Den Stolzen und Arroganten unter euch, die ihr während der „Warnung“ euer Gesicht vor Mir verbergen werdet, habe Ich Folgendes zu sagen: Habt keine Angst, denn ihr seid Mein. Weil ihr ein Kind Gottes seid, nach Seinem Abbild geschaffen, werde Ich euch große Barmherzigkeit zeigen. Fürchtet nicht denjenigen, der euch liebt — fürchtet nur denjenigen, der euch verachtet, denn er, der Teufel, ist euer größter Feind.

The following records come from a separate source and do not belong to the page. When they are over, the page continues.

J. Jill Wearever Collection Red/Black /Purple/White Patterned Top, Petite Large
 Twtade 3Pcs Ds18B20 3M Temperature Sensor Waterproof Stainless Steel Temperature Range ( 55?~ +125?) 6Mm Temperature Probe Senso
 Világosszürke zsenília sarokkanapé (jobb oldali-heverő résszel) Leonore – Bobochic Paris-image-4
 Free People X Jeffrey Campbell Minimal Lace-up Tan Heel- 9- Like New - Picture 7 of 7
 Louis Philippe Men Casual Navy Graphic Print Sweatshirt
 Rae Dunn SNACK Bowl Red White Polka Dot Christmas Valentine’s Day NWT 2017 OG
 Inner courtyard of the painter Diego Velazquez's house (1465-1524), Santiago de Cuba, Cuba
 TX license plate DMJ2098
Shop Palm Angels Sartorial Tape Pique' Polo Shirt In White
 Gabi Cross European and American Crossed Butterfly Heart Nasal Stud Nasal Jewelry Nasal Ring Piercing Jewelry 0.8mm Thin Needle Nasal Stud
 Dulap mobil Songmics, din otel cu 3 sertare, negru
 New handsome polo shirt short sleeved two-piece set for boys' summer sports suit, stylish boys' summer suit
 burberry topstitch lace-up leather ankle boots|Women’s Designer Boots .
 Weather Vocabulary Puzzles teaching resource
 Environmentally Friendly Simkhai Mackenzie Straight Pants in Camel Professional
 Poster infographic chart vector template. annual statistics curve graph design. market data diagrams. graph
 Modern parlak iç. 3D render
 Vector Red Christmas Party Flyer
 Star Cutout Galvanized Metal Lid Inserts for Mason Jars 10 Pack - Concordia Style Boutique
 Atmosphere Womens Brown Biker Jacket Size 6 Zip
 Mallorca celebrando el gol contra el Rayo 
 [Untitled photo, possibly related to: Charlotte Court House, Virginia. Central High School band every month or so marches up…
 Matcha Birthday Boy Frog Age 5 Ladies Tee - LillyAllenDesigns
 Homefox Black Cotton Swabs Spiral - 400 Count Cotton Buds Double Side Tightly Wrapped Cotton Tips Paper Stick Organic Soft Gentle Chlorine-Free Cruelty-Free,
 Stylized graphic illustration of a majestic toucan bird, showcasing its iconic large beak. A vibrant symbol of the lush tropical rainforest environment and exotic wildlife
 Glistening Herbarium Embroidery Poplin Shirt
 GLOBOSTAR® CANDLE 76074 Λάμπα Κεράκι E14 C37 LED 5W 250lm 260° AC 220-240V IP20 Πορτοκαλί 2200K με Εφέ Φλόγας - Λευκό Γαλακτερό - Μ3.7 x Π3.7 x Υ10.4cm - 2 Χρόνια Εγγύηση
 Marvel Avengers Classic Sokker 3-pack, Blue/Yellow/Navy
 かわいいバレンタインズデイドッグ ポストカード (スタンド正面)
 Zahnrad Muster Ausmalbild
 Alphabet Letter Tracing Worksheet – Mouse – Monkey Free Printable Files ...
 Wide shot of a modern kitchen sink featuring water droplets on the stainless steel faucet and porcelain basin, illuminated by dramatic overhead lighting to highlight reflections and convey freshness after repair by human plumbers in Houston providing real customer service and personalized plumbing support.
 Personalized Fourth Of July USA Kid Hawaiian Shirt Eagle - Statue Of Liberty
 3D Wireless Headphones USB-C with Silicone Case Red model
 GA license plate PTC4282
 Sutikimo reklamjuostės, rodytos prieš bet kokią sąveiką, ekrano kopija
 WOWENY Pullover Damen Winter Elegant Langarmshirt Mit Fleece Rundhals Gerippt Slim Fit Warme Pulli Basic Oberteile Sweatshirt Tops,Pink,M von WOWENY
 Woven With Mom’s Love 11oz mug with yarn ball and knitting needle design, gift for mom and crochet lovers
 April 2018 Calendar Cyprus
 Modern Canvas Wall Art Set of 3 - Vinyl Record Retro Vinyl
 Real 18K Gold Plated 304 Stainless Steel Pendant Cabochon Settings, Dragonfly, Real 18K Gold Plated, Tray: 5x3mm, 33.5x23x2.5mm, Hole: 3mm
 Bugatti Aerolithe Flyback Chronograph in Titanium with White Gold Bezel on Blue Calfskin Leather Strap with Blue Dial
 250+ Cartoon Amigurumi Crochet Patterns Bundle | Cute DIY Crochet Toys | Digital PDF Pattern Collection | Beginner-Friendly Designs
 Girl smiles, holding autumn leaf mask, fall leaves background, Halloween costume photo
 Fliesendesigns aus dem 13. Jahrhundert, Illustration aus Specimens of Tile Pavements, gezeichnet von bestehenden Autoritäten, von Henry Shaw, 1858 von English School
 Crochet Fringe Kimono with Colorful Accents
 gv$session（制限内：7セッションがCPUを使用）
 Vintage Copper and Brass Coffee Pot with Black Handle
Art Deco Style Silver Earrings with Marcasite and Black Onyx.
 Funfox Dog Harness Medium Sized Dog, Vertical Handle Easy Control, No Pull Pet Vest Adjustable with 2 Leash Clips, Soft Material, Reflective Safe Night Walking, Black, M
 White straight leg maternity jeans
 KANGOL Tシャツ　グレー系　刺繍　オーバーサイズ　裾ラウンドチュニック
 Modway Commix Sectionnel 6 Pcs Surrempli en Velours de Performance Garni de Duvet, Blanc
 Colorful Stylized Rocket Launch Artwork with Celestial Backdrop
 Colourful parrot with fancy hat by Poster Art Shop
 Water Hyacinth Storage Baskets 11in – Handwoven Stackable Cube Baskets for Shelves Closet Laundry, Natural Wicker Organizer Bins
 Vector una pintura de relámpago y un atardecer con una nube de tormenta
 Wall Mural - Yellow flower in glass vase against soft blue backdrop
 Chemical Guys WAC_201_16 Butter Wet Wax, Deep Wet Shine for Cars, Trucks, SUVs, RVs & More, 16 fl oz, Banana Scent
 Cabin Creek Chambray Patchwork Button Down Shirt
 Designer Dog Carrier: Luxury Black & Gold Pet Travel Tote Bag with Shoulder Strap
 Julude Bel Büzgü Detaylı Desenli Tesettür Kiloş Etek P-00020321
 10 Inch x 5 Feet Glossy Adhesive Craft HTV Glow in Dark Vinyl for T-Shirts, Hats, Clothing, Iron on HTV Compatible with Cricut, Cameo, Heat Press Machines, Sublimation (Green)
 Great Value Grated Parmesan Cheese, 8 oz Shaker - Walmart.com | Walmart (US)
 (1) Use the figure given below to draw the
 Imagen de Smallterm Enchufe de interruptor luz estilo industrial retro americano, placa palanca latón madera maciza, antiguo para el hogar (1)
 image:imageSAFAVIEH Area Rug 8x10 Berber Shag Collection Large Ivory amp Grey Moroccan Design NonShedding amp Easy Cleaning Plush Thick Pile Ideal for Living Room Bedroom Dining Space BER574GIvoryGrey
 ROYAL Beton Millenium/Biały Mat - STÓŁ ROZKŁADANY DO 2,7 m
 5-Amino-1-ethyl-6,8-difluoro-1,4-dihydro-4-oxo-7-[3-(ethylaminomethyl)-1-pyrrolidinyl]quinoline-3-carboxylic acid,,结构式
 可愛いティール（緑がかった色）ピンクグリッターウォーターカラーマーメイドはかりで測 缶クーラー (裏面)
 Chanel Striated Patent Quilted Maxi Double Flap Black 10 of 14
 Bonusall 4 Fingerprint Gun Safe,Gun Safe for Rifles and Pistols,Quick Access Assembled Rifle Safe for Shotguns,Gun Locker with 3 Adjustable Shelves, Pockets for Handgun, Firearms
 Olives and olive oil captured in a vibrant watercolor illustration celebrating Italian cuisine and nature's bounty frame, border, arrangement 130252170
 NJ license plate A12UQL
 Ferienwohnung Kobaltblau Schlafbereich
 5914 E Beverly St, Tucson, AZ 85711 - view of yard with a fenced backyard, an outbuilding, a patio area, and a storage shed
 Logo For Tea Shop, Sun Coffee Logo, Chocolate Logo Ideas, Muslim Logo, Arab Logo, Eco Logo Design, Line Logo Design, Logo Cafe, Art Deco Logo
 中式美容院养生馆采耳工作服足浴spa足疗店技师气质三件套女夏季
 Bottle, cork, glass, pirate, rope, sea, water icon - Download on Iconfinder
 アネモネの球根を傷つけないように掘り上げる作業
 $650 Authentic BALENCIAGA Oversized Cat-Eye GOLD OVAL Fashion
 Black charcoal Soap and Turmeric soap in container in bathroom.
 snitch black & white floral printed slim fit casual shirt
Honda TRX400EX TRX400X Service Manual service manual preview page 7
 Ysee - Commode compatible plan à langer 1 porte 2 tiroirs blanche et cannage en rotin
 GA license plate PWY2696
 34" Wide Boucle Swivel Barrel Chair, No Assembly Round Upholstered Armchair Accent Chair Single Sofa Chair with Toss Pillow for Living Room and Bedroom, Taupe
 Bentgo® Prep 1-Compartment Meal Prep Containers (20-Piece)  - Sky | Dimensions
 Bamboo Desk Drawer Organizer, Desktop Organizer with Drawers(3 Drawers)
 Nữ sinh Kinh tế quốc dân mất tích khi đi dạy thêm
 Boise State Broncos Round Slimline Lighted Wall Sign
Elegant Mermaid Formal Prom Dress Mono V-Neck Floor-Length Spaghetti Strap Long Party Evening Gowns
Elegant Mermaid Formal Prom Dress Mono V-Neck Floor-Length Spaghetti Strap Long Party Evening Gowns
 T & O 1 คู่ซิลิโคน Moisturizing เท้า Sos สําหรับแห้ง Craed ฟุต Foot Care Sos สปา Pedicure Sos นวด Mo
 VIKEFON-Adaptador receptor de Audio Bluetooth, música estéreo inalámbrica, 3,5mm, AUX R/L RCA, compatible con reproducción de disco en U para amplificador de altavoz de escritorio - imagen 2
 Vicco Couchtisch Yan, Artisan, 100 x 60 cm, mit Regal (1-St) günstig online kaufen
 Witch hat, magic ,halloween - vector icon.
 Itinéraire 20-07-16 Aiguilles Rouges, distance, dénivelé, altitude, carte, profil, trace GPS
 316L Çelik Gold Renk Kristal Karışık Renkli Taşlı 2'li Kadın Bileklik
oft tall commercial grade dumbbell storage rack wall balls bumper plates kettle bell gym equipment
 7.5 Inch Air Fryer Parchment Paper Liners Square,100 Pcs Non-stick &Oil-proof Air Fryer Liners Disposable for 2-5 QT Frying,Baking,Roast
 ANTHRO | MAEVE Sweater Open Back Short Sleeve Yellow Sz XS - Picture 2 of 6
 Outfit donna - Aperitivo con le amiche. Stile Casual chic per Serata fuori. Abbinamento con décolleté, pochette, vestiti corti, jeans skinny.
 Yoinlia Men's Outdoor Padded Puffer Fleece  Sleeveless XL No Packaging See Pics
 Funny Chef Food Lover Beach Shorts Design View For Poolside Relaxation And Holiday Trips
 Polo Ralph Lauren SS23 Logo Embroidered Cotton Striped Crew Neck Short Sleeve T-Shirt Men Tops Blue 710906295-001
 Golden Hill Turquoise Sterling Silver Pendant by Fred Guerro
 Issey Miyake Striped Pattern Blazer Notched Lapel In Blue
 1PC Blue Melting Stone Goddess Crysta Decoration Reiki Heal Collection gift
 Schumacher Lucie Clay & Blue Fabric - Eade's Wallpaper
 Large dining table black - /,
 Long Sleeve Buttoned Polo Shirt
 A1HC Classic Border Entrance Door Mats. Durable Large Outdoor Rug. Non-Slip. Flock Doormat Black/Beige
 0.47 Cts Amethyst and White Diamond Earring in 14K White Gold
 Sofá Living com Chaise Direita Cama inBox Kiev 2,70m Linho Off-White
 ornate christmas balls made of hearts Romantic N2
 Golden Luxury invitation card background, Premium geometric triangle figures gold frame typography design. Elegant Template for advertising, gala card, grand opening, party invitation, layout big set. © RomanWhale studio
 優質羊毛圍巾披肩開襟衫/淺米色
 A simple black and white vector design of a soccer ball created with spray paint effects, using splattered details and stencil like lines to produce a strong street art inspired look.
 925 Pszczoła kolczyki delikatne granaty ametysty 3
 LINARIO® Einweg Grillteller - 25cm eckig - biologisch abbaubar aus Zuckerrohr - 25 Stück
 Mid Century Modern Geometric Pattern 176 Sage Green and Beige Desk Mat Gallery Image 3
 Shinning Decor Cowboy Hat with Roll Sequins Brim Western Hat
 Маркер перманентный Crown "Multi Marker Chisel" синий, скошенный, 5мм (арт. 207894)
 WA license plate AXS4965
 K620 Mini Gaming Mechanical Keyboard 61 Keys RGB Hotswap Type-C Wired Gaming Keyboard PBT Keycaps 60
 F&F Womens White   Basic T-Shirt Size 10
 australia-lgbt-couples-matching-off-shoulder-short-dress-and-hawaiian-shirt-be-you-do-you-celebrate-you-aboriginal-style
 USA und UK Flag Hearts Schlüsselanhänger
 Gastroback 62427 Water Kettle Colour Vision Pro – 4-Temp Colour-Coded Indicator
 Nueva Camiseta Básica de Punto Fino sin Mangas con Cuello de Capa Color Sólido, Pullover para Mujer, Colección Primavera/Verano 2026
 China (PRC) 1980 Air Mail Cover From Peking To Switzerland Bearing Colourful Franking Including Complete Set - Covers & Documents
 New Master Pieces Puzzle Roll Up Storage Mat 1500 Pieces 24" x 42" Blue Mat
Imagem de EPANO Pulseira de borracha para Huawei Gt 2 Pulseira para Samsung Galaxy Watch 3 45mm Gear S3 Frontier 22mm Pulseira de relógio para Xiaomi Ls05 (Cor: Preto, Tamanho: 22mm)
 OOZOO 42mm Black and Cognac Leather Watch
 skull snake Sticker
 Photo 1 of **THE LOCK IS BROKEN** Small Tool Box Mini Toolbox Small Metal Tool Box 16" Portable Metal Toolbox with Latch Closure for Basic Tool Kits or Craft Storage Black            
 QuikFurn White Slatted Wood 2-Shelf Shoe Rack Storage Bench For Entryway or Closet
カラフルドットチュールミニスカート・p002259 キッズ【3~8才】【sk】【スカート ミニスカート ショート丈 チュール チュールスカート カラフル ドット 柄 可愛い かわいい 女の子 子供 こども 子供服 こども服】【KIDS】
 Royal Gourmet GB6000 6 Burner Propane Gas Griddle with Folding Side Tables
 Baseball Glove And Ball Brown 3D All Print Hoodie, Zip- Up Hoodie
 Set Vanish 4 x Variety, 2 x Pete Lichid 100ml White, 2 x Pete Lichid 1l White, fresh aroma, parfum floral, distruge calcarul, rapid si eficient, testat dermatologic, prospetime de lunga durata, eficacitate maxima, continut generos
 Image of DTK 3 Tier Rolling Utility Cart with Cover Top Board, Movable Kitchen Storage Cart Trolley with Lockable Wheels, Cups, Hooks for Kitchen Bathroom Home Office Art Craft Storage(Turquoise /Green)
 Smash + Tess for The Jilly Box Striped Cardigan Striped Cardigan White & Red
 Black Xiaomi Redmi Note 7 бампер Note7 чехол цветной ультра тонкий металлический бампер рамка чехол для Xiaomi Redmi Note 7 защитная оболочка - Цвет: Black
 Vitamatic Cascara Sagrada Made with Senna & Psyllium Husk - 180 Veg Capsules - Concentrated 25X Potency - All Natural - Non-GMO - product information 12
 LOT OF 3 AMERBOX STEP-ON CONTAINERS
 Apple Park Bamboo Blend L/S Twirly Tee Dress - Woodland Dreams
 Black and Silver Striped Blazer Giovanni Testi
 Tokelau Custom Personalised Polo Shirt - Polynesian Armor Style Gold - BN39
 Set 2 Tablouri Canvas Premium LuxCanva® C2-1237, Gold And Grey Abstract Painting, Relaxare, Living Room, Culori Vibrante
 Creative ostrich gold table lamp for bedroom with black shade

Weist Mich zurück, und ihr werdet von Meinem größten Widersacher versklavt werden; aber wenn ihr ihn zurückweist, dann wird euch Meine Macht umfassen, euch schützen und euch sicher in Mein Königreich bringen. Ich gebe euch diese Informationen, damit ihr wisst, dass, wenn Ich sage, dass dies geschehen werde, es auch geschehen wird. Und wenn dieser Tag kommt, dann müsst ihr an Meine Worte denken. Fürchtet Mich nicht, denn was ist da zu fürchten? Wenn Ich Mein Leben für euch gegeben habe, warum dann würdet ihr dem Teufel euer Leben geben wollen, der nur die Zerstörung eurer sterblichen Seele sucht?

Es gibt nur einen Weg, den ihr einschlagen könnt, und das ist der Weg zu Mir, euren lieben Heiland und Erlöser. Ich bin euer Sicherheitsnetz. Lauft nicht weg von eurem Heil. Denkt immer an Mein Erbarmen, Meine Liebe und Meine Große Barmherzigkeit. Meine Göttliche Barmherzigkeit ist dafür da, dass sie angenommen wird."